— Assigned task —
When you reach the line containing "Retro American Style Crossbody Bag" in the records below, start copying exactly, and stop once you have copied the line containing "polenta at Integral Figueres in Figueres".

— The data —
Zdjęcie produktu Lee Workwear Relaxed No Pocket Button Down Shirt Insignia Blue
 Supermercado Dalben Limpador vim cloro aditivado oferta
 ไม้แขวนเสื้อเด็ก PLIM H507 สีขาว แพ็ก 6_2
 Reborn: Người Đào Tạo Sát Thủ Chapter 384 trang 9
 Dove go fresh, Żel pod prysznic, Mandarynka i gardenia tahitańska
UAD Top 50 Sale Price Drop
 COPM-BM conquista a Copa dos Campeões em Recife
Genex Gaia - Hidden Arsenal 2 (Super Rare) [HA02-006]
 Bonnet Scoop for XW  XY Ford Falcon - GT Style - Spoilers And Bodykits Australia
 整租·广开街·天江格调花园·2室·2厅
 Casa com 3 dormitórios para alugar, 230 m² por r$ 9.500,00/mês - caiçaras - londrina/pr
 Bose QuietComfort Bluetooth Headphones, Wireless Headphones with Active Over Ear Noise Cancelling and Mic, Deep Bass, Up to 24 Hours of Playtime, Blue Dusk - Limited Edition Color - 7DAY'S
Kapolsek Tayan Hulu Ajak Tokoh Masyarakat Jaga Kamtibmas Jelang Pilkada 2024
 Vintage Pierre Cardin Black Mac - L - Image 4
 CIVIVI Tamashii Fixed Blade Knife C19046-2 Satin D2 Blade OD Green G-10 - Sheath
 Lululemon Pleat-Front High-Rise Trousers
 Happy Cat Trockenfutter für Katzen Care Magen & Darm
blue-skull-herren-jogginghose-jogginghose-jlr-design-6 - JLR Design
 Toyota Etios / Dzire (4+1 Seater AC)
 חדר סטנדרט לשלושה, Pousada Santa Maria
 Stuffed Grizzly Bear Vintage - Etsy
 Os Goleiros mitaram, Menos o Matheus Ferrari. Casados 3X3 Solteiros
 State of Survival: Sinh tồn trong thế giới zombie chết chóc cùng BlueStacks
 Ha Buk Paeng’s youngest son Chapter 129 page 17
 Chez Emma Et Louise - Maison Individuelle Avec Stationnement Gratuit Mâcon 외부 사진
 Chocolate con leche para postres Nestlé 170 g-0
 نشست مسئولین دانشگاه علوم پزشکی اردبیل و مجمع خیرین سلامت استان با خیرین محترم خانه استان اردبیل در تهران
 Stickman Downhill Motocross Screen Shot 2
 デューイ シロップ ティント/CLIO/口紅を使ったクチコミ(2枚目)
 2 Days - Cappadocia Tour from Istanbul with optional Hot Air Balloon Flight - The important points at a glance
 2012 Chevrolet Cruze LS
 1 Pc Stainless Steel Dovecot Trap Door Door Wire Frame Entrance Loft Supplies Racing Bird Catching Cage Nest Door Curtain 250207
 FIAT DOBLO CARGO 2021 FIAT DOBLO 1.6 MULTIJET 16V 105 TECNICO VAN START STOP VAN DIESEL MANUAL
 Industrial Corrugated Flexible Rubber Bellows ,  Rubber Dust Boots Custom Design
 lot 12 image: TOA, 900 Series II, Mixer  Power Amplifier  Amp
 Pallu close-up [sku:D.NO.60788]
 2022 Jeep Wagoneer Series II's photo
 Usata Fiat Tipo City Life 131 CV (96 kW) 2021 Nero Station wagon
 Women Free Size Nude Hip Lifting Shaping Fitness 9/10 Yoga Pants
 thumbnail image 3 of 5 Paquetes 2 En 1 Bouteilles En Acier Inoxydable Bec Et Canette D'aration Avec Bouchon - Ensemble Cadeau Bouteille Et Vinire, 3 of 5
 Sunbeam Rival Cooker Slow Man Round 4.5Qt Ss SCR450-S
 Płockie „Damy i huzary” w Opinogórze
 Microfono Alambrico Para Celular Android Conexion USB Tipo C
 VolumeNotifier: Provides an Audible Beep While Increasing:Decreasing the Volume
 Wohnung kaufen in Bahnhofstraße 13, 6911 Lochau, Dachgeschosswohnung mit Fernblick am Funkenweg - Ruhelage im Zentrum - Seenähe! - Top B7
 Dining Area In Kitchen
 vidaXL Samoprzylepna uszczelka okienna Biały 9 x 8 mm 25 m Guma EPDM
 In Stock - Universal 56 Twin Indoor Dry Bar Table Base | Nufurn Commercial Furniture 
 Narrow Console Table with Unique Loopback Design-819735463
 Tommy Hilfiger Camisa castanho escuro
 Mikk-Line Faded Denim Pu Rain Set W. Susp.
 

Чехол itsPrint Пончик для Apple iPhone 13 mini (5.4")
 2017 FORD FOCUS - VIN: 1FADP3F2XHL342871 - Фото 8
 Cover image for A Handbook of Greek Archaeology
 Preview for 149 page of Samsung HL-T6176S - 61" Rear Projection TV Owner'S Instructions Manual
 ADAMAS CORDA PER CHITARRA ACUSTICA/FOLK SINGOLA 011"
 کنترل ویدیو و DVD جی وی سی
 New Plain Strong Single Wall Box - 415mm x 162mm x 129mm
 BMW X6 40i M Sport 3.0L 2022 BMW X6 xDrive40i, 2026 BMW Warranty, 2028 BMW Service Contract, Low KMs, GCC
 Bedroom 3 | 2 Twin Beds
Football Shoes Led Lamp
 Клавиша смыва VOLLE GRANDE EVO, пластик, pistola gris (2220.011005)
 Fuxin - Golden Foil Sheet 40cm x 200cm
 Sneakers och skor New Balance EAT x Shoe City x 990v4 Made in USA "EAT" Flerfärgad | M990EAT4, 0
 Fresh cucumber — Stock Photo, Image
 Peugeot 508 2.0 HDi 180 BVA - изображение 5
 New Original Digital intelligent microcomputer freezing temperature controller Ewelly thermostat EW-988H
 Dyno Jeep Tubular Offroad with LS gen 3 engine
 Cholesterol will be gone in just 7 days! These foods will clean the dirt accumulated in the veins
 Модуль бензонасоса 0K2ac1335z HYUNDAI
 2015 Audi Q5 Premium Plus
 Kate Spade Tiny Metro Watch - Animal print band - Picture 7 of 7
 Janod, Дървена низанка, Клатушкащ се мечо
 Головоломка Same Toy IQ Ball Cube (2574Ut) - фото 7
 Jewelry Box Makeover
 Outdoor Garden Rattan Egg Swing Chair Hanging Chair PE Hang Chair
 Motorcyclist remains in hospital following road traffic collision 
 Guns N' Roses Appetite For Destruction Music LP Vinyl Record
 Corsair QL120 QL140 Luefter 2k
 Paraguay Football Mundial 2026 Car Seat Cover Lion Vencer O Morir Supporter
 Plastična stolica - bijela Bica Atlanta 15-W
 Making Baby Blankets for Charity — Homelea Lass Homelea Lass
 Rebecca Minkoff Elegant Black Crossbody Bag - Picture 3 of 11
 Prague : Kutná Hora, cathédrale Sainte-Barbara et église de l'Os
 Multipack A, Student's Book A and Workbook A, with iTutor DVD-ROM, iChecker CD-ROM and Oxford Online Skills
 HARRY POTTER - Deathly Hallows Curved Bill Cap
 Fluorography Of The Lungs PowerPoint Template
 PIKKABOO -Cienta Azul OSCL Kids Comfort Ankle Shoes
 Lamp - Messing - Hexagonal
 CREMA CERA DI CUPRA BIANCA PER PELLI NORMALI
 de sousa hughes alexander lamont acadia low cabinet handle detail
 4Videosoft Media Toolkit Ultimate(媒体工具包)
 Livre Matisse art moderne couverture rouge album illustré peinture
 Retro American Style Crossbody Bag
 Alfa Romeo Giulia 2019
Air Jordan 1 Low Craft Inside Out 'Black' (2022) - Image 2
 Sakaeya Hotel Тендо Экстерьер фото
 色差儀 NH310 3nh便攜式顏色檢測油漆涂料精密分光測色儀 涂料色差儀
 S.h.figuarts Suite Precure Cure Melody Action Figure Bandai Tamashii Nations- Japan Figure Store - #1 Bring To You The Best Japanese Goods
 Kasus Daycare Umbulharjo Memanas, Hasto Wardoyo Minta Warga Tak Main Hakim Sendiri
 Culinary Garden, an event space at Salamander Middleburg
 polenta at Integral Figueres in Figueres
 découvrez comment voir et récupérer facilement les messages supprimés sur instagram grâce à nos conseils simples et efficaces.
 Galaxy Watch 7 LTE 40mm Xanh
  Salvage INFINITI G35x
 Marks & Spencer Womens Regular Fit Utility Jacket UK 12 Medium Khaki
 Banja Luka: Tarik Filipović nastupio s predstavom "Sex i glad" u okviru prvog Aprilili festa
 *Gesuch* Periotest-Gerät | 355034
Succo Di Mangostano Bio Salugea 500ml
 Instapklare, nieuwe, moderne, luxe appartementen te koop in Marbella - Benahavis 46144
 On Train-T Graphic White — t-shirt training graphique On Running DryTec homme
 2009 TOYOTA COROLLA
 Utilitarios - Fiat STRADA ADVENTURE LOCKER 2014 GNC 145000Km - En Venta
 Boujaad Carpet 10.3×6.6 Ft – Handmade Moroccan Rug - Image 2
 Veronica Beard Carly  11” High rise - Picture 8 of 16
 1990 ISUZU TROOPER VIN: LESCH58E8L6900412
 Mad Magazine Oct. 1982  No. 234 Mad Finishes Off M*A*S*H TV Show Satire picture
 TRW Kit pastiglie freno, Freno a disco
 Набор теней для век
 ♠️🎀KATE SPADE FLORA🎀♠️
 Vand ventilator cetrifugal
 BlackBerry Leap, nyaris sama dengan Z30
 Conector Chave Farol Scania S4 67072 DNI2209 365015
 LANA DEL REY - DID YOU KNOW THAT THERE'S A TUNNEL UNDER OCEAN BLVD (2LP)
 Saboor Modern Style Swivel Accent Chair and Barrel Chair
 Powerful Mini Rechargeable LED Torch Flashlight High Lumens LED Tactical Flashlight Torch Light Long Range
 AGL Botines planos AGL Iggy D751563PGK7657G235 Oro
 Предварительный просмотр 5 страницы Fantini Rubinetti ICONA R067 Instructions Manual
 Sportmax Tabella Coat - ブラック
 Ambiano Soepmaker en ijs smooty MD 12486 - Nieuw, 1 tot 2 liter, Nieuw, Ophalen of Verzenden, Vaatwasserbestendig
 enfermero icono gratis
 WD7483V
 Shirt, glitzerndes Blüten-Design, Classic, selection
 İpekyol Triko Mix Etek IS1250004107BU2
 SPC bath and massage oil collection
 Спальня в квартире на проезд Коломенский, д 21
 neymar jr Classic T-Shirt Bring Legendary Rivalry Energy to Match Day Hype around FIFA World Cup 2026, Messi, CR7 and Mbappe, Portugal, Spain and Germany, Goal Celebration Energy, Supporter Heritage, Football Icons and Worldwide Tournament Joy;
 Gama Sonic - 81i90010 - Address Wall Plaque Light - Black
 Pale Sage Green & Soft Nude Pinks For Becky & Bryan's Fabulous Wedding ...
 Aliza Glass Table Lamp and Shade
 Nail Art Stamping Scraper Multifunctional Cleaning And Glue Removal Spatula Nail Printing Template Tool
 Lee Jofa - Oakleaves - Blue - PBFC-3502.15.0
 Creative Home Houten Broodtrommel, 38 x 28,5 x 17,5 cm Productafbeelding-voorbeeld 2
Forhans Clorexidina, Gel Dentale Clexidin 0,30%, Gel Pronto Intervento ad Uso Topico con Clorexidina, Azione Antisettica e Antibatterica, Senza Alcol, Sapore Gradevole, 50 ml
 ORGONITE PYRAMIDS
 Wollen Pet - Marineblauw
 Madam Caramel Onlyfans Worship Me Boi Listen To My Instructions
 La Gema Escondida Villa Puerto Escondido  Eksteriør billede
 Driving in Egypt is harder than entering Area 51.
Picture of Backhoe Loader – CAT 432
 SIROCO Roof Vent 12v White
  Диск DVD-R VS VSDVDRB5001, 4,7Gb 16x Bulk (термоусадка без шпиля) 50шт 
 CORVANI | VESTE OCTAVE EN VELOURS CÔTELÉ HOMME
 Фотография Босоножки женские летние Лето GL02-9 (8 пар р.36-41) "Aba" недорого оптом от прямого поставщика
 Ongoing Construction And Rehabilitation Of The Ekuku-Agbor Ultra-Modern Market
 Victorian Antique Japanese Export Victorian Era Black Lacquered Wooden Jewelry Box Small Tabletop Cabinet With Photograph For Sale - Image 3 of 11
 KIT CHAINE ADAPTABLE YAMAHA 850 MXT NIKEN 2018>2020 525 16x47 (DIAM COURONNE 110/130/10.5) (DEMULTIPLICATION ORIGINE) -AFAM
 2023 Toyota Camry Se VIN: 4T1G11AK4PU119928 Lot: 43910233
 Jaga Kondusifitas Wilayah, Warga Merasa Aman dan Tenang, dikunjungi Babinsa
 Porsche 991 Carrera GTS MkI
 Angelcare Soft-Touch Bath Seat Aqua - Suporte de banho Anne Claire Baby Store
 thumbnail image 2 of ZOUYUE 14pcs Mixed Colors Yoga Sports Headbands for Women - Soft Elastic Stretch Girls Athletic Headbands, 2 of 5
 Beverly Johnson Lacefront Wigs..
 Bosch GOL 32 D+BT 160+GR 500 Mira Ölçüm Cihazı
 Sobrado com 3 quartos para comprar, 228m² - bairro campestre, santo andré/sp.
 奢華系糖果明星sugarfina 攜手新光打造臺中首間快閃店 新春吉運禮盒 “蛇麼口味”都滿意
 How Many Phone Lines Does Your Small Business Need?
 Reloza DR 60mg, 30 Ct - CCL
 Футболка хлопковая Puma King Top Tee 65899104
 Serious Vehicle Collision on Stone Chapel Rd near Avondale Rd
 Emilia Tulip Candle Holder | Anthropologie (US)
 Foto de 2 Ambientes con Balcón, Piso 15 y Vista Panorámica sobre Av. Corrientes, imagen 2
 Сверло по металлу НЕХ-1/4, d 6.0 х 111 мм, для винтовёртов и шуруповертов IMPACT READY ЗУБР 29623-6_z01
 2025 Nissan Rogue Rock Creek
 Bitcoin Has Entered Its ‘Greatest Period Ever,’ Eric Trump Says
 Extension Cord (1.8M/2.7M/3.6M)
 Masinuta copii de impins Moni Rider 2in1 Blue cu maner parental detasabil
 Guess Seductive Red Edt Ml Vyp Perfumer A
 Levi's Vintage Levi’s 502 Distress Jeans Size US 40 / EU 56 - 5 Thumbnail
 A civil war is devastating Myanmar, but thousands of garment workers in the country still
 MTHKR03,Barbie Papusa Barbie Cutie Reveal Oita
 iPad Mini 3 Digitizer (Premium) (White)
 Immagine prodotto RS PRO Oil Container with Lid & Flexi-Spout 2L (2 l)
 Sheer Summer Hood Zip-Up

— Expected answer —
 Retro American Style Crossbody Bag
 Alfa Romeo Giulia 2019
Air Jordan 1 Low Craft Inside Out 'Black' (2022) - Image 2
 Sakaeya Hotel Тендо Экстерьер фото
 色差儀 NH310 3nh便攜式顏色檢測油漆涂料精密分光測色儀 涂料色差儀
 S.h.figuarts Suite Precure Cure Melody Action Figure Bandai Tamashii Nations- Japan Figure Store - #1 Bring To You The Best Japanese Goods
 Kasus Daycare Umbulharjo Memanas, Hasto Wardoyo Minta Warga Tak Main Hakim Sendiri
 Culinary Garden, an event space at Salamander Middleburg
 polenta at Integral Figueres in Figueres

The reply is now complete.